In the modern era, physical office spaces have seen massive revolution. Tech companies like Google and Airbnb tout the concept of “hot seats” or the “open office” layout to foster creativity, cross-pollination, and easier collaboration. These setups are both a marked physical as well as cultural departure from office spaces of the past, and specifically eschew the corporate, sterile aesthetic associated with law firms and investment banks.
However, now, even offices are being disrupted, as the new workspaces favored by tech entrepreneurs no longer have any resemblance to an actual office, but rather can be in a cafe, on a beach in Bali, or from a mobile device in the middle of a walk through a park. Remote work has been on the rise, with an estimated 3.9 million Americans working remotely at least part-time, and the trend is only rising.
Mobile phones and laptops are the main tools of the service economy, with designers, software engineers, consultants, financial advisors, bloggers, screenwriters, artists, editors, and others spending the vast majority of their time working online.

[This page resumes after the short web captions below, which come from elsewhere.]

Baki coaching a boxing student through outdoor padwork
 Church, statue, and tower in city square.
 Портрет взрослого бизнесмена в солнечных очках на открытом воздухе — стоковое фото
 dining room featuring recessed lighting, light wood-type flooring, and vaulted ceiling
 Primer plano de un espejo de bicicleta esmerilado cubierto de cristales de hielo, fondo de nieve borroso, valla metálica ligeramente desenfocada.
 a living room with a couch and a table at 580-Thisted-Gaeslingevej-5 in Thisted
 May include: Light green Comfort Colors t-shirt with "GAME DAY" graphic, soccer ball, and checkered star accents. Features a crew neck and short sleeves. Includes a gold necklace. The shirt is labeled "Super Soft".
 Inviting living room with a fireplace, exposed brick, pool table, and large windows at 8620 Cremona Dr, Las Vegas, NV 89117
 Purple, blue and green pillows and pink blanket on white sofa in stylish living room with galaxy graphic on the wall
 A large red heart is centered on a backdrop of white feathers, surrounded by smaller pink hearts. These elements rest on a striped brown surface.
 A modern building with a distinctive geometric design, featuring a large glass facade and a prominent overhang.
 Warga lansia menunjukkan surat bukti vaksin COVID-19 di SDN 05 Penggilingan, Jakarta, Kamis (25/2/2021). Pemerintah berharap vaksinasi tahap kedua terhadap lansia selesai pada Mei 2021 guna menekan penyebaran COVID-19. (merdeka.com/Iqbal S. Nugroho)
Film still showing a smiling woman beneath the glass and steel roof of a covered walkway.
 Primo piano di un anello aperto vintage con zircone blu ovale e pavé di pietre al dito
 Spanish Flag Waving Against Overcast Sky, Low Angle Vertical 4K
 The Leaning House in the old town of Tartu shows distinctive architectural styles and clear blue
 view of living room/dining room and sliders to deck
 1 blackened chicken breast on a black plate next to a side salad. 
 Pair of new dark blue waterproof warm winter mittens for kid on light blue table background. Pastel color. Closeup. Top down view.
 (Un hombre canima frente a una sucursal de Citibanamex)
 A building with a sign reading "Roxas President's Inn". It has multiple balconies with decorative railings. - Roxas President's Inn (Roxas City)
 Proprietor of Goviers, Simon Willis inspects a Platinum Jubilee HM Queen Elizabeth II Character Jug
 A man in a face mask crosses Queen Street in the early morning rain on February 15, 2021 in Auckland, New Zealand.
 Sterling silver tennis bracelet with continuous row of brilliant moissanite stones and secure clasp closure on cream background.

Even client-facing interactions are increasingly moving to the digital domain, with ever-more sophisticated customer engagement tools like chatbots, marketing automation software, automated phone systems, and knowledge databases. Meetings with clients can take place via phone or video conference. And even dictation and collaboration software makes it easier to both record meeting minutes and also bring different stakeholders to the table when working on a project that might have been limited in scope due to physical proximity constraints.
The implications for remote work are massive. Companies’ budgets for business travel can be significantly reduced, so that in-person meetings are reserved for crucial team-building among workers, or initial rapport-building conversations with clients. But it reduces the need to catch a redeye flight across the country or across the world for a 2 hour meeting. Workers can be more efficient and productive without having to waste so much time commuting, either to an office or to a conference room. And it expands the pie: team members can be easily drawn into the discussion when relevant, because they are only a dial away.
As the workplace evolves, it is important to think critically about all components of what we take for granted as normal in the workplaces of the past. Desks, seats, addresses, office hours, face-time, etc. Instead, employers and workers of the future ask: “What am I trying to accomplish? And how will that be accomplished?”
Focusing on the priorities and tools that matter will both enable businesses to be more efficient while allowing workers greater flexibility and productivity.